A settlement agreement is subject to the ordinary principles of contract law. Thompson v. City of Atlantic City, 190 N.J. 359, 374 (2007). It is well established that "[c]ourts enforce contracts 'based on the intent of the parties, the express terms of the contract, surrounding circumstances and the underlying purpose of the contract.'" In re Cnty. of Atlantic, 230 N.J. 237, 254 (2017) (alteration in original) (quoting Manahawkin Convalescent v. O'Neill, 217 N.J. 99, 118 (2014)). "Interpretation and construction of a contract is a matter of law for the court subject to de novo review," Fastenberg v. Prudential Ins. Co. of Am., 309 N.J.Super. 415, 420 (App. Div. 1998), which "is generally appropriate to resolve . . . on summary judgment," Khandelwal v. Zurich Ins. Co., 427 N.J.Super. 577, 585 (App. Div. 2012); see also Pressler & Verniero, Current N.J. Court Rules, cmt. 5 on R. 4:46-2 (2022). Thus, reviewing courts "pay no special deference to the trial court's interpretation and look at the contract with fresh eyes." Kieffer v. Best Buy, 205 N.J. 213, 223 (2011).

The purpose of the Agreement in this case was to memorialize the parties' resolution of plaintiff's disciplinary charges and the City's agreement to refrain from using the charges, plea, or suspension "against him when he is considered for promotion to Captain." Absent from the Agreement are any terms, which explicitly or implicitly promise or unconditionally guarantee the City would immediately fill a captain's position when it became vacant or promote plaintiff, without consideration of other qualified candidates.

Rather, the Agreement provided plaintiff would be promoted not only pursuant to his placement on the captain's list, but also in accordance with "applicable Civil Service Commission regulations." See Martinez, 403 N.J. Super. at 72 (recognizing a promotional agreement cannot vitiate the "rule of three" principle, which "provide[s] the appointing authority with a limited degree of discretion in the selection of a candidate for a civil service position"); see also N.J.S.A. 11A:4-8 (requiring the Commission "to certify the three eligibles who have received the highest ranking on an open competitive or promotional list against the first provisional or vacancy" and to make "a regular appointment . . . from among those eligibles").

Further, the terms of the Agreement must be read in conjunction with the general principles that apply to civil service appointments and promotions. Pursuant to our state's constitution, those "[a]ppointments and promotions shall be made according to merit and fitness to be ascertained, as far as practicable, by examination, which, as far as practicable, shall be competitive." N.J. Const. art.
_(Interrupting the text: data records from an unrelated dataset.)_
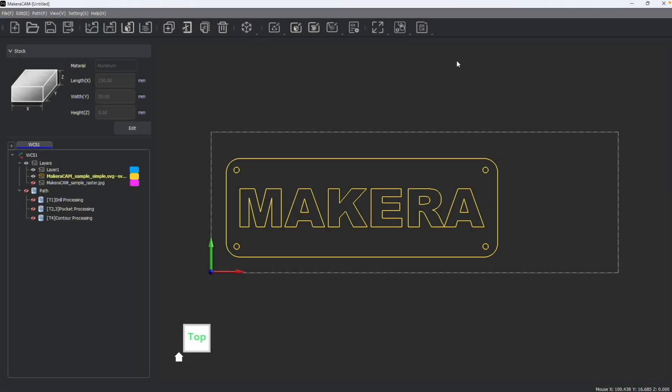Jason from Makeara here with another Makeara Cam tutorial. And in this one, we are looking at the basic navigation and view options in Makeara Cam. So the first thing we want to talk about is the functionality of the mouse.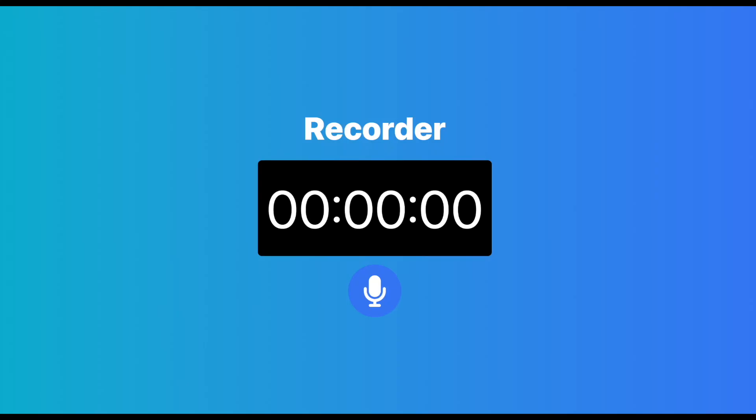Welcome to a new video. In this video, we are going to learn how to build a recorder using React.js and the web browser native API. Let's see what we are going to learn today. We are building a recorder app that can record audio from a user's microphone and the user can play the audio back. First, let's check out the demo video of what we are building today.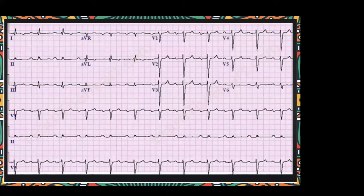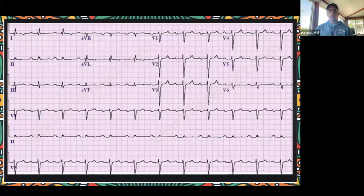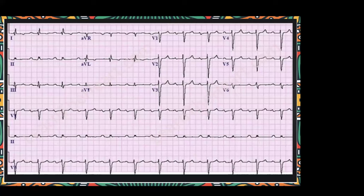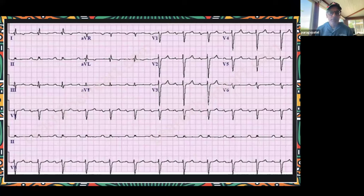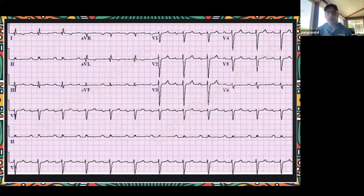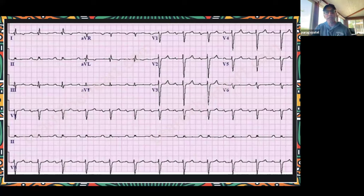First degree AV block coming in. There's one P wave for each QRS, the PR interval is prolonged, but this rate is sustained. It would be a rare individual who is terribly symptomatic unless they had chronotropic incompetence where the heart rate doesn't go up with physical activities. That would be a rare instance where a pacemaker is required.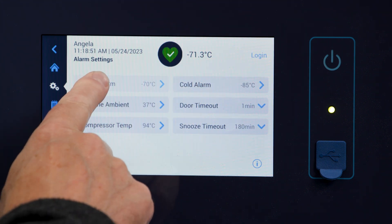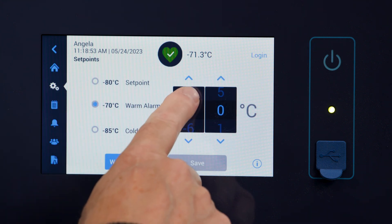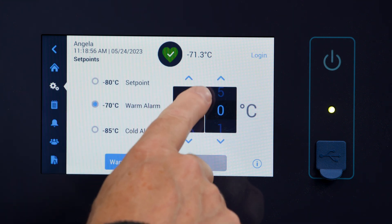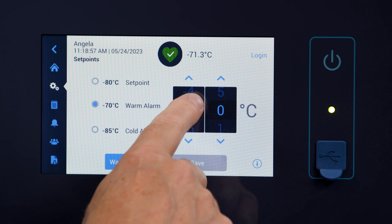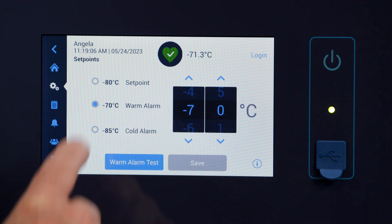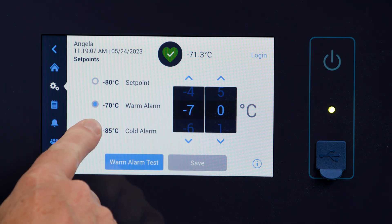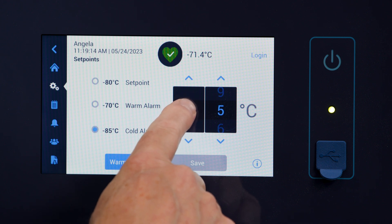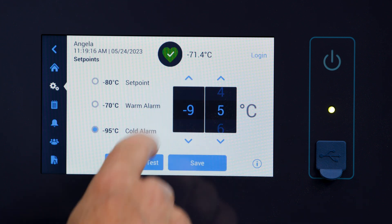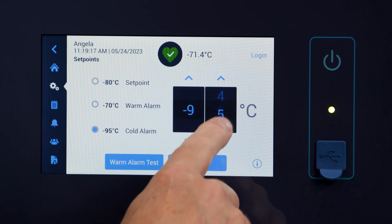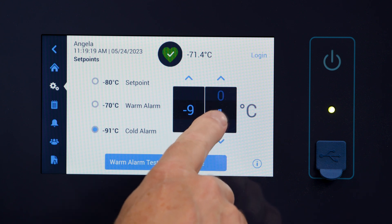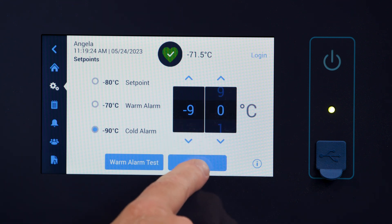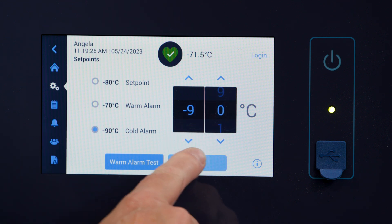You should be able to swipe the spin control until you reach minus 90 degrees Celsius. With the warm limit entered, select the alarm tab again and choose the cold alarm. Repeat the process by swiping the spin control until you reach minus 90 degrees Celsius. Next, touch the save button to set your temperature limits.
VII, § 1, ¶ 2. In turn, N.J.A.C. 4A:4-3.1(a)(2) permits promotional eligible lists, "which shall include permanent employees who meet qualification requirements." Thus, the civil service promotional system seeks to emphasize "merit considerations," and is "intended to guarantee the appointing authority an opportunity to exercise minimal discretion in the selection of particular employees." In re Crowley, 193 N.J.Super. 197, 210 (App. Div. 1984).

However, "a person who successfully passes an examination and is placed on an eligible list does not thereby gain a vested right to appointment." Ibid. "The only benefit inuring to such a person is that so long as that list remains in force, no appointment can be made except from that list." Ibid. "'[T]he best that can be said' of a candidate on an eligible list is that he has 'a right to be considered for appointment.'" In re Foglio, 207 N.J. 38, 44 (2011) (alteration in original) (quoting Nunan v. N.J. Dep't of Pers., 244 N.J.Super. 494, 497 (App. Div. 1990)).

Not surprisingly, plaintiff cites no authority for his contention that the City must fill its vacancies when they arise, and we have found no such precedent. We therefore conclude, as did the motion judge, when the terms of the Agreement are read in conjunction with the Agreement's underlying purpose, the phrase "[a]t the earliest opportunity possible" neither requires the City to promote plaintiff nor immediately fill the vacancy. To conclude otherwise would contravene well-established civil service legal principles.

To the extent not addressed, plaintiffs remaining arguments lack sufficient merit to warrant discussion in a written opinion. R. 2:11-3(e)(1)(E).

Affirmed.


Summaries of

Levis v. City of Hackensack

Superior Court of New Jersey, Appellate Division
Feb 4, 2022
No. A-0993-20 (App. Div. Feb. 4, 2022)
Case details for

Levis v. City of Hackensack

Case Details

Full title:RICHARD LEVIS, Plaintiff-Appellant, v. CITY OF HACKENSACK and CITY OF…

Court:Superior Court of New Jersey, Appellate Division

Date published: Feb 4, 2022

Citations

No. A-0993-20 (App. Div. Feb. 4, 2022)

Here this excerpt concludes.